#Leistungsschutzrecht

Das Leistungsschutzrecht ist ein Segen für das Netz!

von , 21.6.10

Das Leistungsschutzrecht kommt – auch wenn die jetzige Koalition auseinander brechen sollte. Die SPD würde es nicht verhindern. Und die grüne Partei auch nicht.

Das neue Schutzrecht soll den Pressekonzernen (vor allem den marktbeherrschenden Milliardären der Branche) bis zu einer Milliarde Euro zusätzlich in die Kassen spülen. Bezahlt werden soll diese Milliarde von den großen und kleinen Betrieben, von Gewerbetreibenden und Freiberuflern, von Computer- und Smartphone-Käufern, von News-Aggregatoren – und natürlich von all jenen Webseitenbetreibern, die künftig wegen Verletzung von Leistungsschutzrechten teuer abgemahnt werden können. Sie alle kopieren verlegerische „Leistungen“, wenn sie Überschriften, Vorspänne, Bilder, Bildausschnitte, Graphiken, Bildunterzeilen, Sätze, Satzteile (Wörter? Buchstaben? Buchstabenteile?) zufällig oder absichtlich im Netz zur Kenntnis nehmen.

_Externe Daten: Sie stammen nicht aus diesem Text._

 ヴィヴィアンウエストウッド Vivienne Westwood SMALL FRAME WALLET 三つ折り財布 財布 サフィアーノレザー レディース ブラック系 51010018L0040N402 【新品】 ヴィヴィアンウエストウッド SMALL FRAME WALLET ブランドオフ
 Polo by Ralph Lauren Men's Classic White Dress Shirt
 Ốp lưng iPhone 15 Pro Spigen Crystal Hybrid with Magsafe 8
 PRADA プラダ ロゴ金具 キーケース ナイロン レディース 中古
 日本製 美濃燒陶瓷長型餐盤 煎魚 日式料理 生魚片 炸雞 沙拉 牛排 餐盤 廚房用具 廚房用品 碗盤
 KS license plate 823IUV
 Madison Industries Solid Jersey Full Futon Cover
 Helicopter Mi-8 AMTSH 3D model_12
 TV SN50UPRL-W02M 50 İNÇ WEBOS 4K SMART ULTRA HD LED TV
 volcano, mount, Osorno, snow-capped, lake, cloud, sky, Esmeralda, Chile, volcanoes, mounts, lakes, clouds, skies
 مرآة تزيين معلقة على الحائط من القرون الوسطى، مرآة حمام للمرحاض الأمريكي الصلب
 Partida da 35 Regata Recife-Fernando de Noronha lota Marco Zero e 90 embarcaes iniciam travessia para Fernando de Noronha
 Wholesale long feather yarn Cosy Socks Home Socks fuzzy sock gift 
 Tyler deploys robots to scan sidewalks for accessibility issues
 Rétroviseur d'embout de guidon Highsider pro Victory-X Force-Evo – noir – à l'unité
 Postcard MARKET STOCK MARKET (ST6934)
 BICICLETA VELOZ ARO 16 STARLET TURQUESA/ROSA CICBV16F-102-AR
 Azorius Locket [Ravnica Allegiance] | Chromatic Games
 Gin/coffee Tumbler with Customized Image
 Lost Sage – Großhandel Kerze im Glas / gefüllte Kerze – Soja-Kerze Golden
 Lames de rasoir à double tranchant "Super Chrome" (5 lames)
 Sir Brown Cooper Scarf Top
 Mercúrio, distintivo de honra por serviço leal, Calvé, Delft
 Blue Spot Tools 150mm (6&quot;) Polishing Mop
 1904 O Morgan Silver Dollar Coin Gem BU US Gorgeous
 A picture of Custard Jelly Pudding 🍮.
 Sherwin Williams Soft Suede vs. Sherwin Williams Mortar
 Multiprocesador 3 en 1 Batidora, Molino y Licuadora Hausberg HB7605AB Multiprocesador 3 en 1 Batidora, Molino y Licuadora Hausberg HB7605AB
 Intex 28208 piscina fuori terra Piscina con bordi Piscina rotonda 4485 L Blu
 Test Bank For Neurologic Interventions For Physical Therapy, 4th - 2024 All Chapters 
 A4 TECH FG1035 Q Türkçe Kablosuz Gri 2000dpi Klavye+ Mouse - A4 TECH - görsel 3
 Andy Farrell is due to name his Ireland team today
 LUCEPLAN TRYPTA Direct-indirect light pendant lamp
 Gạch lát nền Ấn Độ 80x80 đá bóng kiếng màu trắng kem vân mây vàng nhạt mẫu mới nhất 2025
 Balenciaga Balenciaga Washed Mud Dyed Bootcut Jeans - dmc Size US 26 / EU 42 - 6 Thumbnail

Die kommunikative Kälte, die ein solches Schutzrecht hervorbringt, wird das Image der großen Verlage natürlich beeinträchtigen und die Verkaufszahlen für Zeitungen und Zeitschriften (off- wie online) weiter reduzieren. Schon bald nach den ersten Abmahnwellen (und den flächendeckend zugestellten Abgabenbescheiden) könnten sich die Pressekonzerne einer Boykottbewegung gegenüber sehen, die kräftig an der Rendite nagt.

Das Leistungsschutzrecht könnte also den Medienwandel (unfreiwillig) beschleunigen und einen positiven Effekt auf das Netz ausüben.

Das klingt paradox, liegt aber in der (dialektischen) Natur des Fortschritts. Je stärker gebremst wird, desto heftiger fällt anschließend die Beschleunigung aus. In der Rede von Sabine Leutheusser-Schnarrenberger findet sich diese Fortschritts-Dialektik in dem lakonischen Satz: „Der Wettbewerbsdruck, den das Internet auf die etablierte Medienwirtschaft ausübt, ist ökonomisch und gesellschaftspolitisch sinnvoll.“

Gegen den Strich gebürstet heißt das: Das neue Schutzrecht wird Webseitenbetreiber, Blogger, Aggregatoren und Netzjournalisten dazu zwingen, eigenständige Medien schneller und professioneller aufzubauen als bisher. Es wird Blogger und Netzjournalisten nötigen, künftig selbst zu recherchieren, um Informationen aus erster Hand bieten zu können, anstatt – wie bisher – bequem der Informationsleistung der herkömmlichen Medien zu vertrauen, diese als Quellen zu verlinken und sie pawlowartig zu interpretieren.

Das Leistungsschutzrecht könnte also dazu führen, dass sich endlich echte Medien-Alternativen entwickeln müssen; Angebote, die gerade nicht auf die „geschützten Leistungen“ von Altmedien angewiesen sind; Angebote, die auch über realistische Refinanzierungsmodelle verfügen (und die heute übliche Almosen-Wirtschaft überwinden). Denn über eins müssen sich die Kritiker des Leistungsschutzrechtes im Klaren sein: Unabhängige Beschaffung und Bewertung von Nachrichten kostet Geld.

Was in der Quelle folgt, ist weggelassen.